**What is needed**
For this exercise, repeat exactly the lines below starting at the line holding "DESCODIFICARTE. COMPRENDE TU" and ending at the line holding "#00 - Über mich, die", both included, with no extra lines and no pictures.

**The records**
------------

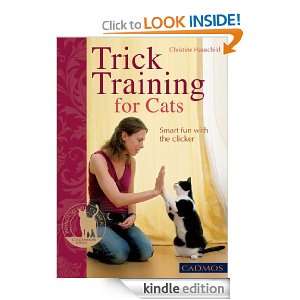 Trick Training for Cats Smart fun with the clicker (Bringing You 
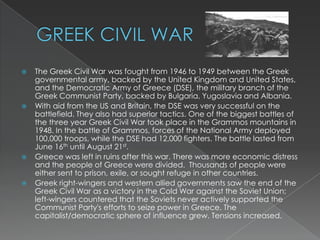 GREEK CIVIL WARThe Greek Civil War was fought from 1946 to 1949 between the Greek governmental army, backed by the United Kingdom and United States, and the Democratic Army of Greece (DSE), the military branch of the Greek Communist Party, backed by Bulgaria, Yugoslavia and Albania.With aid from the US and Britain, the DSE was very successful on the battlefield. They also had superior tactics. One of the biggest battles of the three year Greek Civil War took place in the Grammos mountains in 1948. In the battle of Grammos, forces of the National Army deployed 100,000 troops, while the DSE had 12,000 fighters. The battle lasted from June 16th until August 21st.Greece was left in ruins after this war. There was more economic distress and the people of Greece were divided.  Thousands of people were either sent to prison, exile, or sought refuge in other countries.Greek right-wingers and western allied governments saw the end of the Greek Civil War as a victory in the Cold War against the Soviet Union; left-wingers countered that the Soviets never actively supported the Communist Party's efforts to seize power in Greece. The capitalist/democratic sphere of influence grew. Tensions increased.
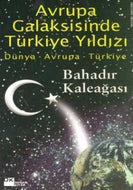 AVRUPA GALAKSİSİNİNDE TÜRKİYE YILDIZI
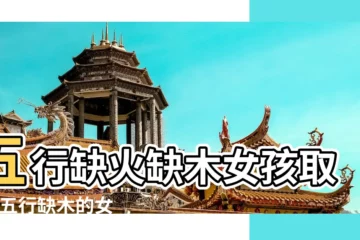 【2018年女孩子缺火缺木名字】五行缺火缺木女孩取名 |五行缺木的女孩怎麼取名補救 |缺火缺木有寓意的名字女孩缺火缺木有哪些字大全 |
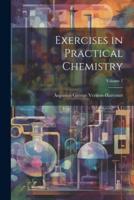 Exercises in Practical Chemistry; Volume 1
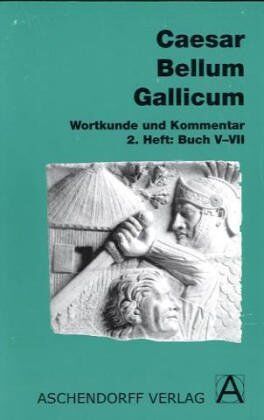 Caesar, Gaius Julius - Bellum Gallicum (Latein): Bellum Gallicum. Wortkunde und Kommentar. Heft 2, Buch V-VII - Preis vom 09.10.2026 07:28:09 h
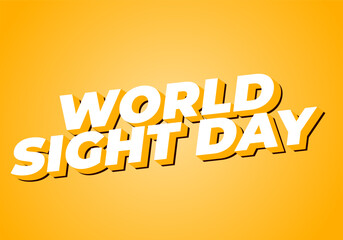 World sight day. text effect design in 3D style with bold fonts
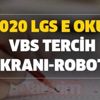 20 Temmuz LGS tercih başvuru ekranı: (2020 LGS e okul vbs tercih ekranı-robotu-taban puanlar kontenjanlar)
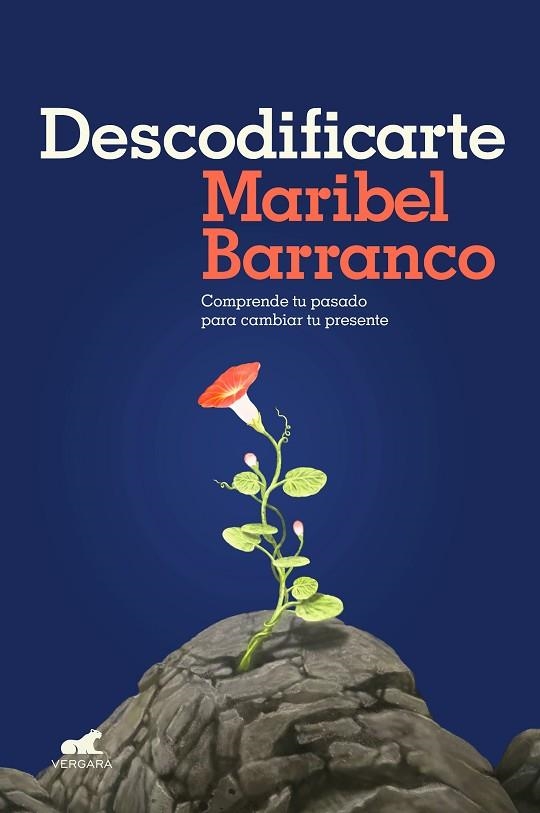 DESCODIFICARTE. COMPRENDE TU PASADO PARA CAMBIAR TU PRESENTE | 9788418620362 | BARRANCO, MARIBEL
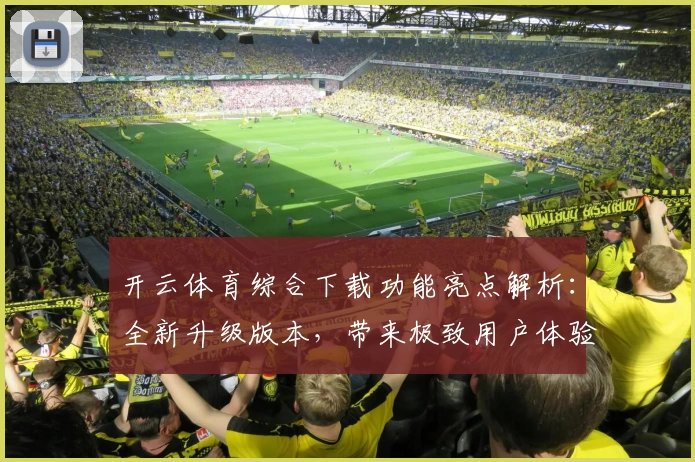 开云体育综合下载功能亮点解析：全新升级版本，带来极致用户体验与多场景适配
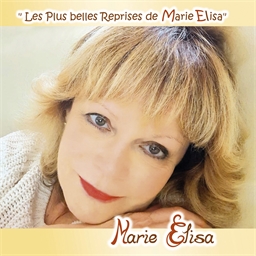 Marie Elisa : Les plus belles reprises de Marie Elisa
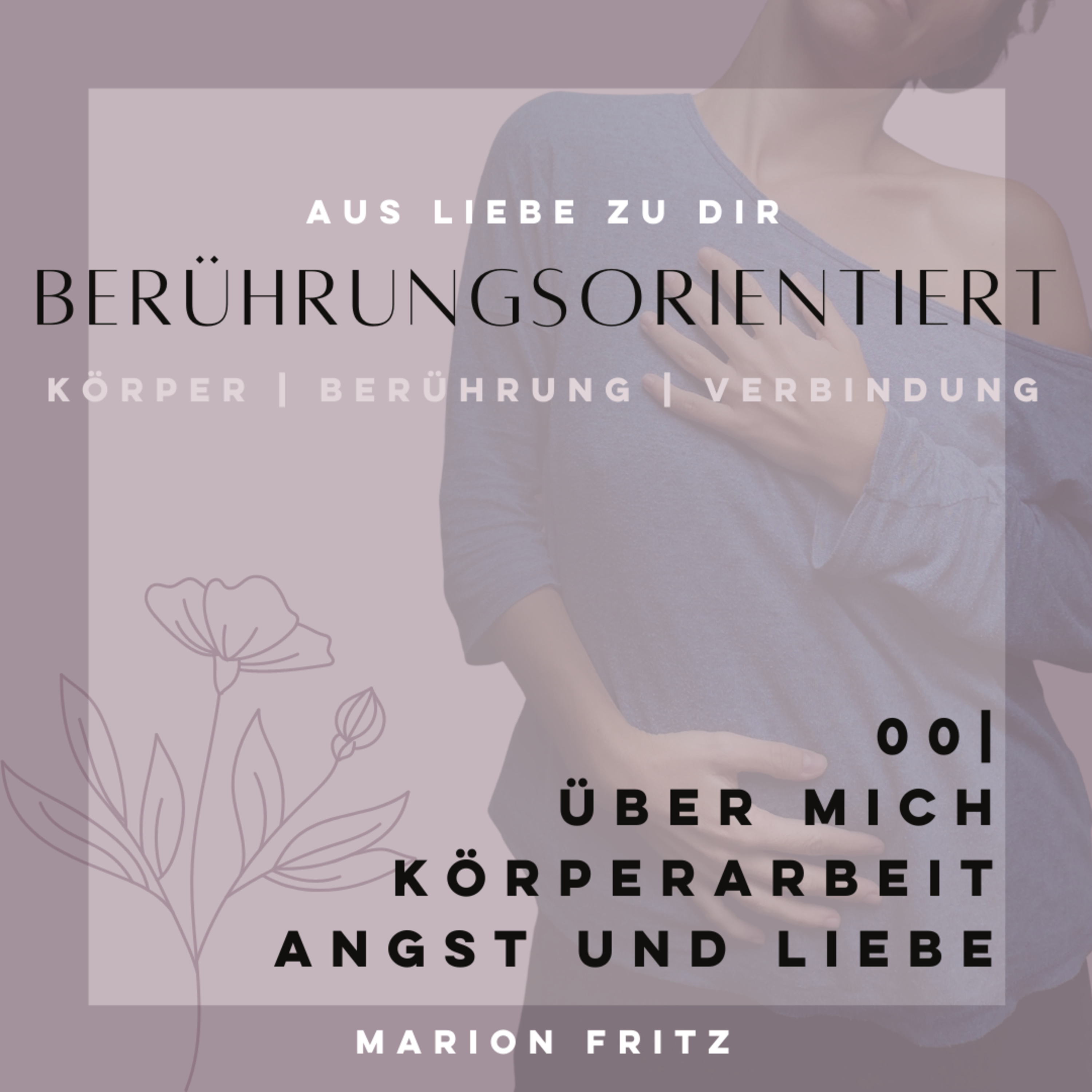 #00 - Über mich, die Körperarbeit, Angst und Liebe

------------

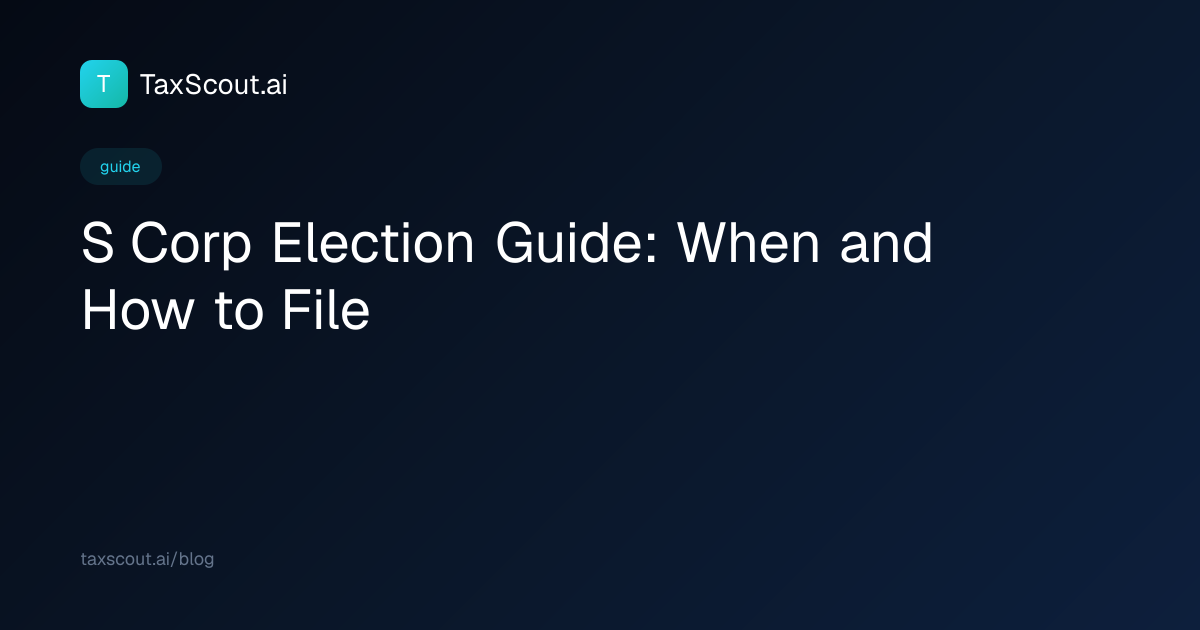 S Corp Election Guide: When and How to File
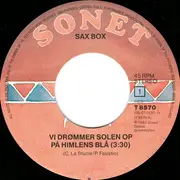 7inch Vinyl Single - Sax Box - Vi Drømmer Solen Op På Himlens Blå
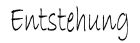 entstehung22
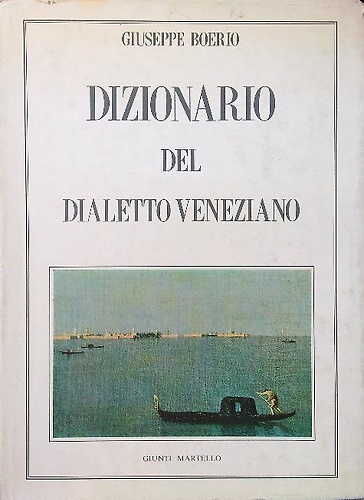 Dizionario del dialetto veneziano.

------------

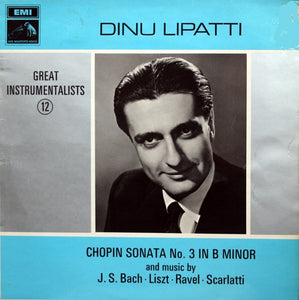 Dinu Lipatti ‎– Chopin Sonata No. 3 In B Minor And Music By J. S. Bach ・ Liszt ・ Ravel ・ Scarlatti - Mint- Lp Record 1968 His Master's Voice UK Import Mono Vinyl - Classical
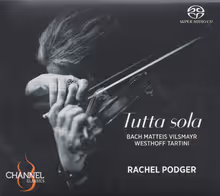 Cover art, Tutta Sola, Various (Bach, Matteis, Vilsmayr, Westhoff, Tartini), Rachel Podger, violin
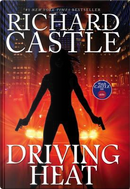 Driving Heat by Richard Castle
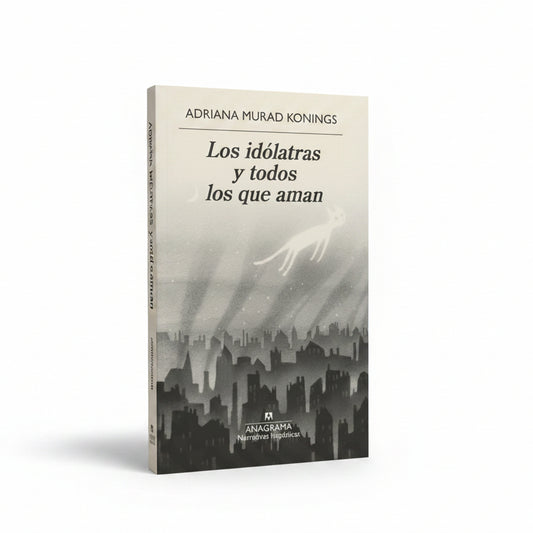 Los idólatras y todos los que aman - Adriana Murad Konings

------------

**Worked solution**
 DESCODIFICARTE. COMPRENDE TU PASADO PARA CAMBIAR TU PRESENTE | 9788418620362 | BARRANCO, MARIBEL
 开云体育综合下载功能亮点解析：全新升级版本，带来极致用户体验与多场景适配
 Marie Elisa : Les plus belles reprises de Marie Elisa
 #00 - Über mich, die Körperarbeit, Angst und Liebe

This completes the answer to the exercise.